Setelah berbicara seperti itu tangan kiri Mansa merogoh laci meja dan menarik tasnya keluar. Dia berdiri sambil menyandangkan tasnya tersebut di bahu bagian kiri.

“Selama ini aku sudah berusaha meyakinkan orang bahwa aku adalah orang yang normal. Sebisa mungkin menjauh dari perhatian. Tapi sekarang ceritanya sudah berbeda.”

Baru setelah berkata seperti itu, Mansa menurunkan lengan kanannya tersebut. Seketika, Danu yang saat itu berada paling dekat dengannya, terlihat seperti merintih kesakitan sambil memegang perutnya.

Dia terlihat sulit bernafas dan sesekali berusaha untuk memuntahkan sesuatu. Tak lama, tangannya bergemetaran dan meregang seperti orang yang sedang begitu emosi. Dia pun menghempas-hempaskan dua tangannya ke meja seperti orang yang sedang kerasukan.

Dodi dan Eri kebingungan tidak tahu apa yang sedang terjadi dengan Danu.

“Ada apa, Danu? Kenapa kau bertingkah aneh seperti itu?” tanya Dodi khawatir.

Ketika mereka mencoba mendakati Danu untuk memeriksa keadaannya, Danu malah seperti kehilangan kendali. Tangan kirinya melayang begitu cepat sehingga punggung kepalan tangannya mengenai kepala Eri.

Setelah itu dia mendorong Dodi hingga membuatnya terjungkal. Eri berdiri berusaha menahan Danu namun Danu malah semakin menggila mencoba menarik-narik baju Eri. Entah dari mana kekuatan itu muncul, dengan mudah Danu merobek pakaian seragam Eri.

Dalam kekalutan tersebut Mansa hanya bediri sambil bersandar di dinding. Matanya tertuju begitu dingin ke arah Dodi yang saat ini tergeletak di lantai. Sementara itu Danu dan Eri berjibaku saling hantam.

Dodi yang kebetulan menangkap tatapan Mansa menjadi begitu ketakutan.

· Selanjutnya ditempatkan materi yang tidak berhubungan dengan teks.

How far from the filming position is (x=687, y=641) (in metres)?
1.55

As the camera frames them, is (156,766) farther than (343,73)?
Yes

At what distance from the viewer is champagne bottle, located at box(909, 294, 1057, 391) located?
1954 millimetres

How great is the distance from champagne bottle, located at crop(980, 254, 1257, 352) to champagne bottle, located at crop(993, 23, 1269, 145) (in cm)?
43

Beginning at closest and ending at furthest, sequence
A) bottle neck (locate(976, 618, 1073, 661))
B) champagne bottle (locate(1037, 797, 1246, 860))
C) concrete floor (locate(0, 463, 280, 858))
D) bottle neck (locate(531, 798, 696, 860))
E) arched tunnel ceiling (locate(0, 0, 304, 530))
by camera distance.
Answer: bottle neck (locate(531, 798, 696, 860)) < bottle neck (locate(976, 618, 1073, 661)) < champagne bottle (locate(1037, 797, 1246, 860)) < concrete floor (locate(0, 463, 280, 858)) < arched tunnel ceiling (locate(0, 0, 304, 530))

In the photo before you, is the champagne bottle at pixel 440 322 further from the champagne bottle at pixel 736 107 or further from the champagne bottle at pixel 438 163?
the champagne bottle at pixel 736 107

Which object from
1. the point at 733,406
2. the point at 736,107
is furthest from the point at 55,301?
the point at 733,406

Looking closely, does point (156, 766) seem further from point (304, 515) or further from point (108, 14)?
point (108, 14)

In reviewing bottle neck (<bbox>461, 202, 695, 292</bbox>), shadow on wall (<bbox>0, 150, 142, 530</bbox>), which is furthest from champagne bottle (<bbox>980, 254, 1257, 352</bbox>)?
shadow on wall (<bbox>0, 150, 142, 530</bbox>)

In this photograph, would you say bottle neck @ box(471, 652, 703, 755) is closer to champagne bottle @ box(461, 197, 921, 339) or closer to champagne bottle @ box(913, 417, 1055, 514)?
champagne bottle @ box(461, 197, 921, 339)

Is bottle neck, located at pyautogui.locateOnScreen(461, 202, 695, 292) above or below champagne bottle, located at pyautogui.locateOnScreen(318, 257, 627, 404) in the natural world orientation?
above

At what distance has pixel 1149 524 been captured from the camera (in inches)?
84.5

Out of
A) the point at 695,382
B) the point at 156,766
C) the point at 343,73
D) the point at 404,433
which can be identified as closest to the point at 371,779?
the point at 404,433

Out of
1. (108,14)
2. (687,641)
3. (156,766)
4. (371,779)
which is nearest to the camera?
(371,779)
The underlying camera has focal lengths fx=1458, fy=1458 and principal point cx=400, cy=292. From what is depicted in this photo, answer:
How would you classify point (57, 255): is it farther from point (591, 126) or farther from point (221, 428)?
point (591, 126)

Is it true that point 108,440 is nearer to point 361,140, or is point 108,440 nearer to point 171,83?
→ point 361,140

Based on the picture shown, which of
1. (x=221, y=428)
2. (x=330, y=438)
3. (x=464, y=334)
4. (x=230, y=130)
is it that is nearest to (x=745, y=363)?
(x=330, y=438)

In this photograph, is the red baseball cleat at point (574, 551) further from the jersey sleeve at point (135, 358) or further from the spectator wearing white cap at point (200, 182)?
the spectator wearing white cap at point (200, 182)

Dia pun tergopoh-gopoh berusaha berdiri dan menjauh sementara Mansa berjalan pelan ke arahnya.

“Aah, ibuuuu...,” isaknya ketakutan.

Entah karena begitu ketakutan, Dodi kembali tergeletak di lantai. Anehnya Mansa hanya terus berjalan hingga melangkahinya. Dia pun pergi meninggalkan mereka dan sama sekali tak menghiraukan Dodi yang ketakutan.

Tak lama setelah itu Dodi lari sambil berteriak histeris meninggalkan ruangan kelas tersebut mendahului Mansa. Sementara itu, Eri lumat dihajar Danu di pojok kelas.